529 plans react to investor concerns

by Grace

Some 529 plan sponsors are reacting to parents concerned about recent market volatility and losses in their accounts.

Several states are making changes to their college-savings plans, hoping to keep parents from making a market-driven exodus.

Arizona, Delaware, Massachusetts, Nebraska, and New Hampshire are adding investment options.  Some of the new funds have higher than average fees, a reminder that simply adding more choices is not necessarily better.

“The bottom line is more choice at the potential cost of more confusion,” says Joe Hurley, founder of SavingforCollege.com, which tracks 529 plans.

The Wall Street Journal


4 Comments to “529 plans react to investor concerns”

  1. California, which several years ago switched their plan from TIAA CREF to Fidelity is switching back this year. When the first switch happened, the “guaranteed” option was closed to new investment. With the switch back, it is going away entirely. (The “guaranteed” option is the only one of the funds that has done well for the consumer, so of course they wanted to get rid of it.)

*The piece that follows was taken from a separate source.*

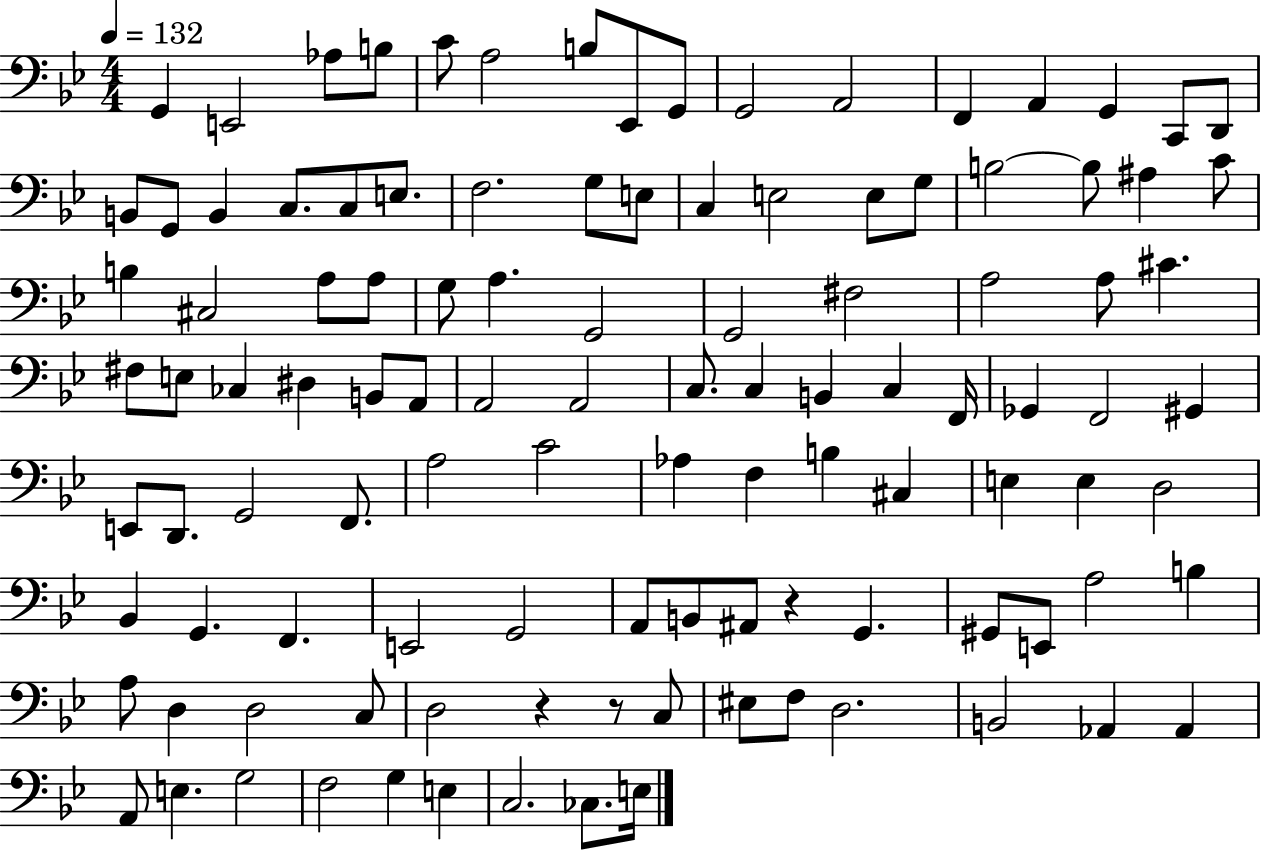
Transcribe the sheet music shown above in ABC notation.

  2. Interesting about California terminating the guaranteed investment option. Surely during these turbulent times it would be one most desired by many parents. However, I can see where the actual guaranteed return would be so low, because of interest rates and other factors, that the plan sponsor believes it would simply attract very few investors.


  3. Actually, I think the problem was the opposite—the old guaranteed rate is hard for them to make money at, and they want to kill off the old obligations.


  4. Yup, makes sense. They probably tried to protect themselves by locking in rates for expected sales, but then the rush from investors to buy into the guaranteed option was just too much.